Why some icicles become scallops not spikes

The newfound quirky shapes reflect the surrounding water’s density

columns of freshwater ice forming, spikes, scallops and pinnacles

When columns of freshwater ice were submerged in water, they melted. But depending on the water’s temperature — and density — the icicles that formed could be downward-facing spikes (left), scallops (center) or up-facing spears (right).

Applied Math Lab/NYU

Water’s density can have wacky impacts that researchers are still discovering. New experiments show, for instance, that ice columns submerged in liquid water can melt into three distinct shapes. Which they become will depend on the water’s temperature.

Leif Ristroph is a mathematician in New York City. He was part of a team at New York University that anchored in place cylinders of ultrapure ice. Each cylinder was up to 30 centimeters (11.8 inches) long. Typically, liquids become denser the cooler they get. But freshwater is densest at 4° Celsius (39.2° Fahrenheit). At lower temps, the water becomes less dense. To test how that might affect the melting ice, the researchers submerged their ice cylinders in water between 2 °C and 10 °C (35.6 °F and 50 °F).

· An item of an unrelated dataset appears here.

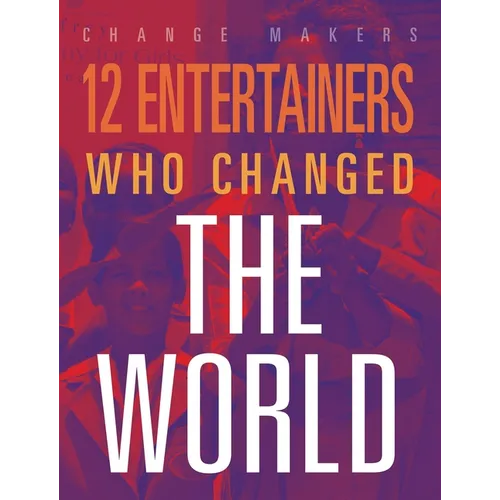 12 Entertainers Who Changed the World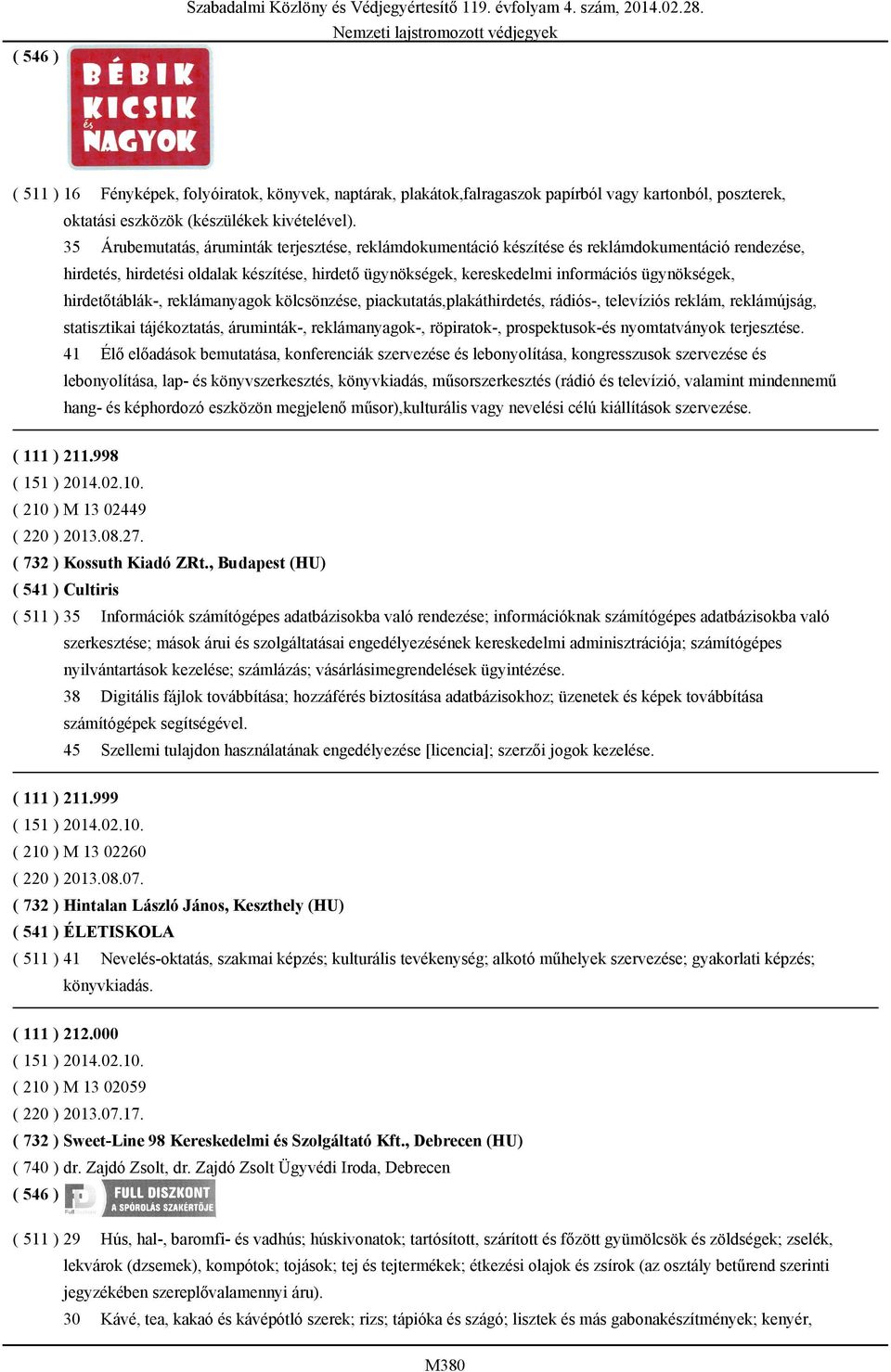 hirdetőtáblák-, reklámanyagok kölcsönzése, piackutatás,plakáthirdetés, rádiós-, televíziós reklám, reklámújság, statisztikai tájékoztatás, áruminták-, reklámanyagok-, röpiratok-, prospektusok-és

And “almost everything” about the experiments was surprising, Ristroph now reports.

The ice melted into smooth, downward-pointing spikes when placed in water cooler than about 5 °C (41 °F). When the researchers used a computer to model this behavior, it showed “a strange thing,” Ristroph says. “The cold liquid water near the ice is actually buoyant.” It wants to float because it is less dense than the rest of the water in the tank. That upward flow of melt water draws warmer water closer to the ice’s base. And this causes ice near the bottom to melt faster than at the top.  

The opposite occurred when the water was warmer than about 7 °C (44.6 °F). Now the ice formed an upward-pointing spike. The colder water near the ice is now denser than the body of water around it. So that colder water sinks. This pulls in warmer water at the top of the ice, causing it to melt faster than at the bottom, the computer model explains.

Between about 5 °C and 7 °C, the ice melted into scalloped columns. “Basically, the water is confused,” Ristroph says. It ends up forming layers of different densities. Some layers tend to rise as others sink. In the end, the water organizes itself into “swirls or vortices of fluid.” And this carves “weird ripples into the ice,” he observes.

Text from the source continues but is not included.